··· Data under study
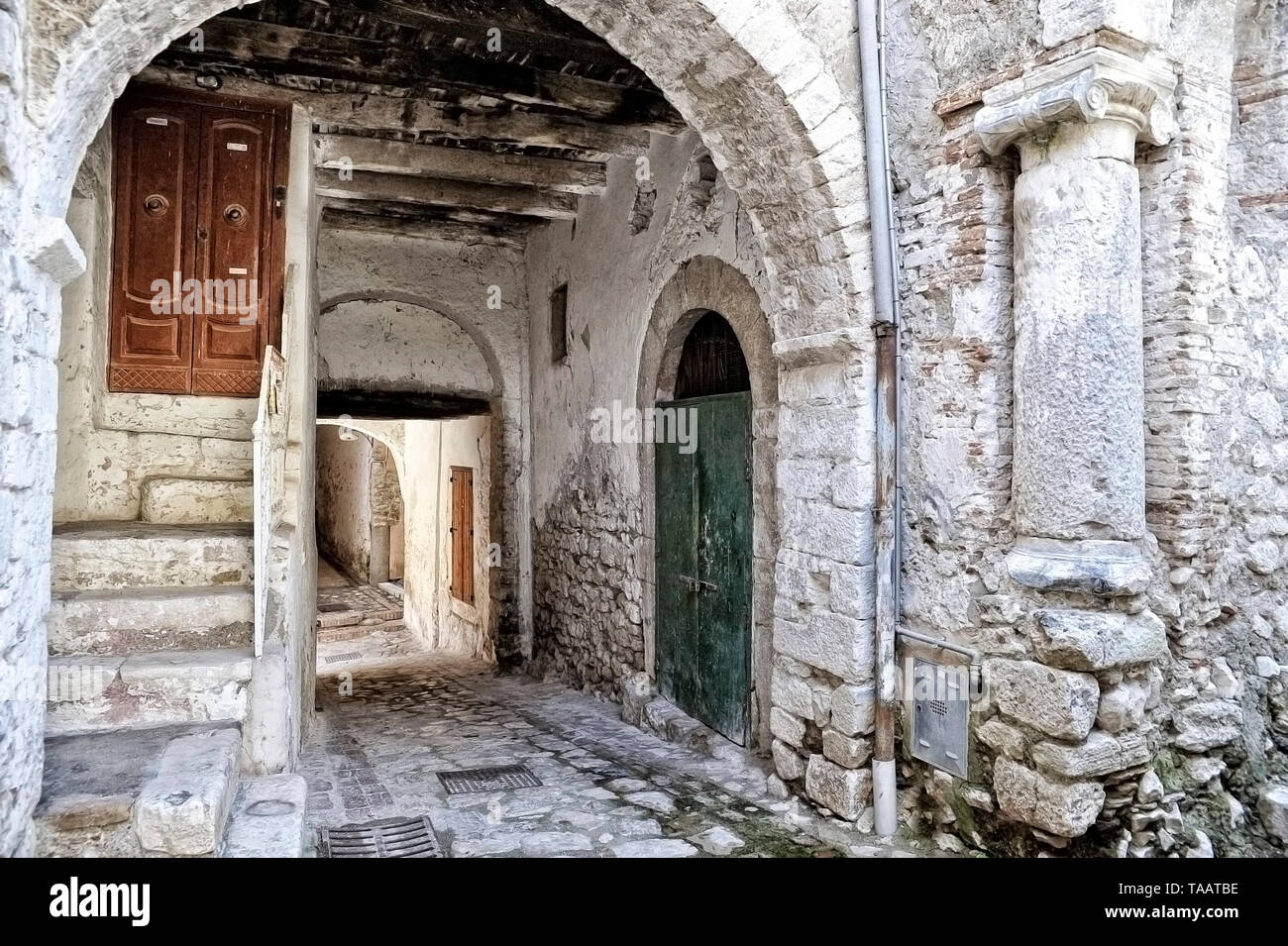 Alley, Minturno, Medieval town Italy Stock Photo Alamy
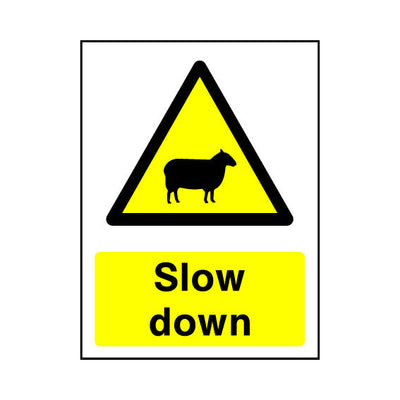Slow Down - Sheep Symbol - Portrait Sign - PT1 CA013 CA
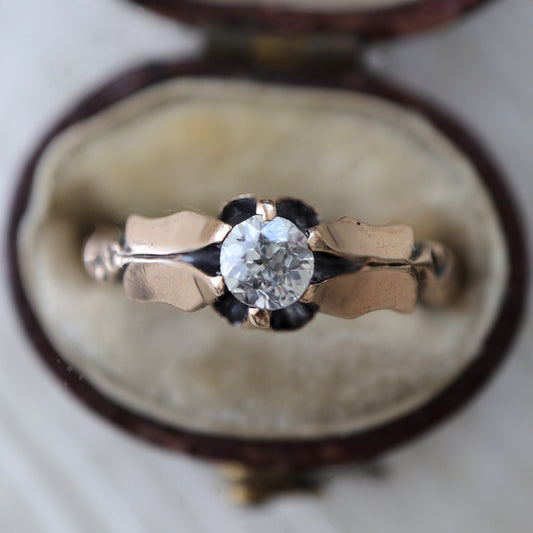 Victorian Diamond 14k Rose Gold Solitaire Ring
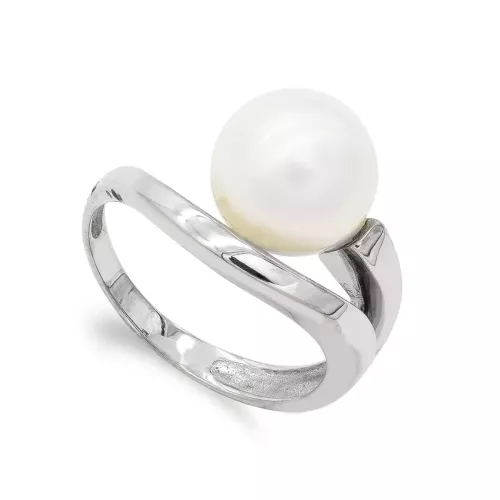 18K SORTIJA ORO BLANCO LISA Y PERLA DE 10 MM 3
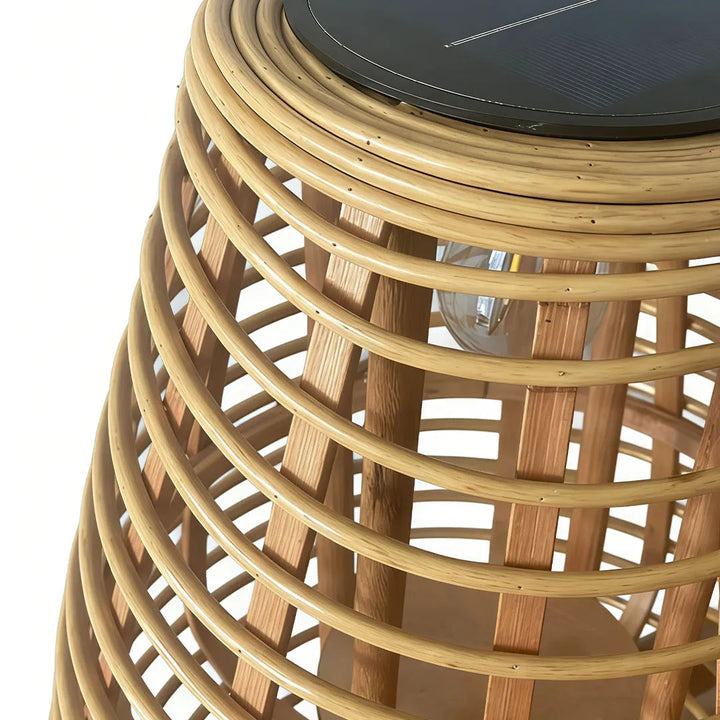 Outdoor Solar Floor Lamp with Woven Rattan Shade – USB Rechargeable, Warm White LED for Patios and Gardens 5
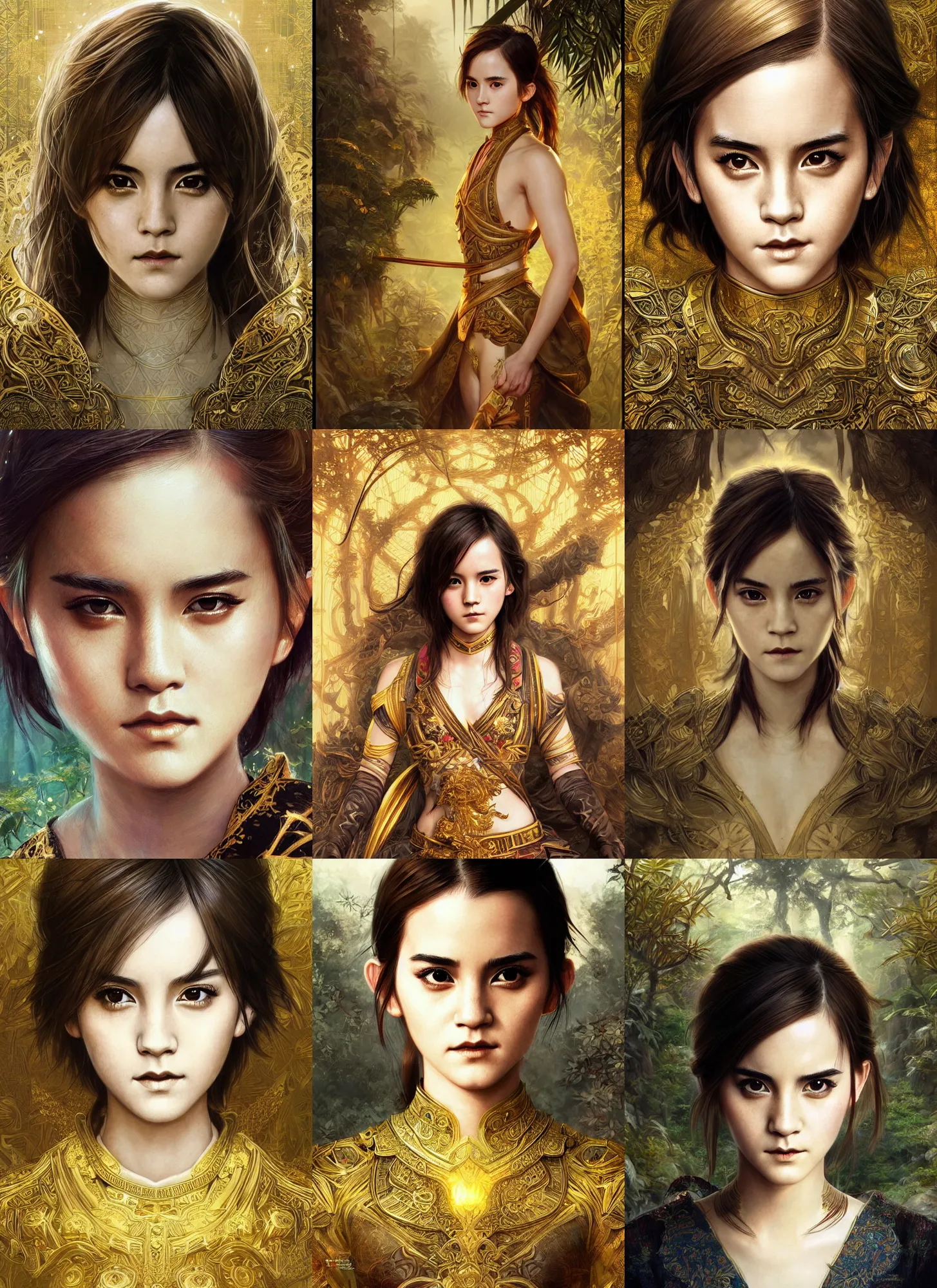 Prompt: asian japanese emma watson portrait, symmetrical front view, golden ambiance, jungle background, intricate, highly detailed, concept art, sharp focus, illustration, artgerm, ruan jia, jurgens, aleksi briclot, mucha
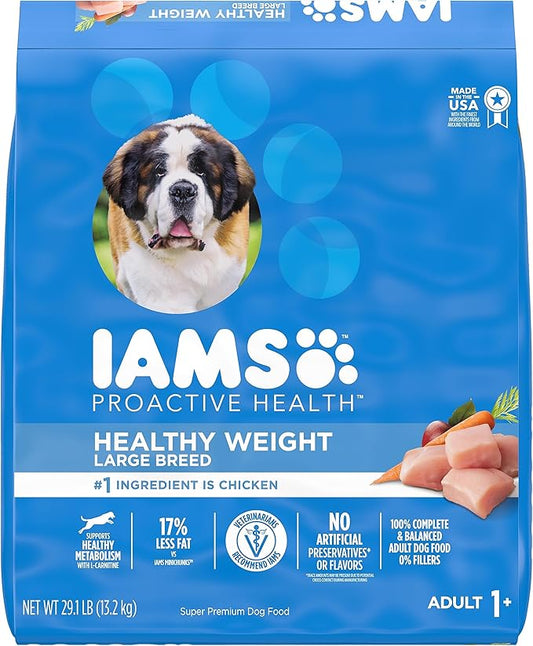 IAMS Proactive Health Healthy Weight Control Large Breed Adult Dry Dog Food with Real Chicken, 29.1 lb. Bag - PAWPICO
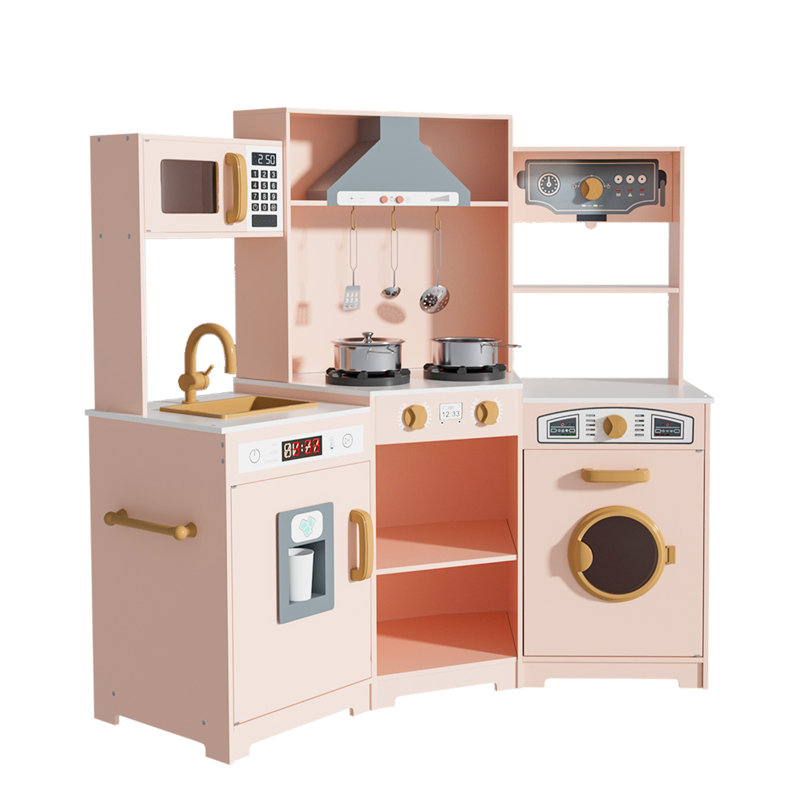 Uyihome Wooden Toddler Pink Play Kitchen Set For Girls Wayfair Wooden Toddler Pink Play Kitchen Set For Girls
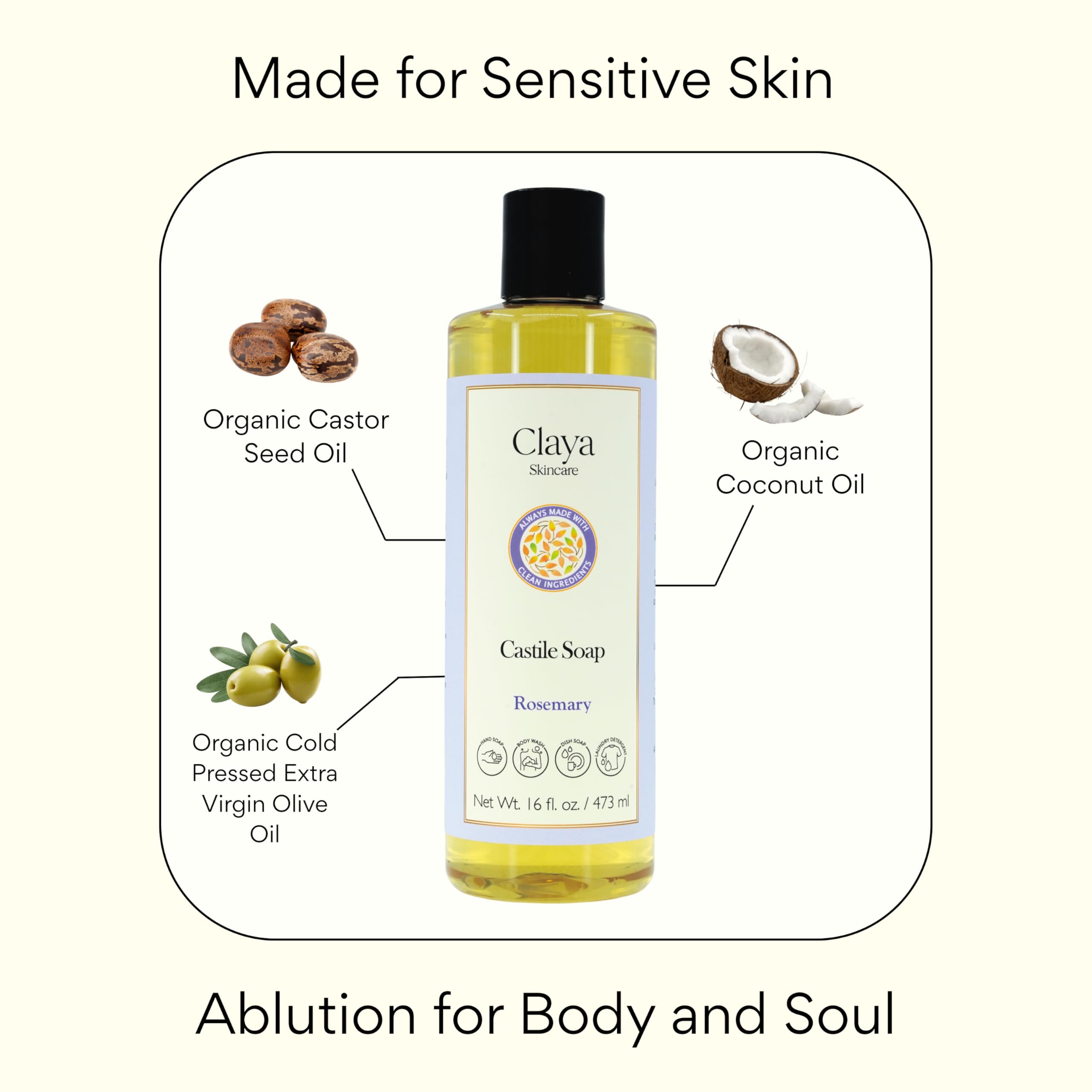 Claya Liquid Castile Soap – Organic Oils, Palm-Free, Unscented (16 oz)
······
What is required:
Transcribe the data completely. No pictures should appear in the transcription.

Result for this task:
 Alley, Minturno, Medieval town Italy Stock Photo Alamy
Slow Down - Sheep Symbol - Portrait Sign - PT1 CA013 CA
 Victorian Diamond 14k Rose Gold Solitaire Ring
 18K SORTIJA ORO BLANCO LISA Y PERLA DE 10 MM 3
 Outdoor Solar Floor Lamp with Woven Rattan Shade – USB Rechargeable, Warm White LED for Patios and Gardens 5
 Prompt: asian japanese emma watson portrait, symmetrical front view, golden ambiance, jungle background, intricate, highly detailed, concept art, sharp focus, illustration, artgerm, ruan jia, jurgens, aleksi briclot, mucha
 IAMS Proactive Health Healthy Weight Control Large Breed Adult Dry Dog Food with Real Chicken, 29.1 lb. Bag - PAWPICO
 Uyihome Wooden Toddler Pink Play Kitchen Set For Girls Wayfair Wooden Toddler Pink Play Kitchen Set For Girls
 Claya Liquid Castile Soap – Organic Oils, Palm-Free, Unscented (16 oz)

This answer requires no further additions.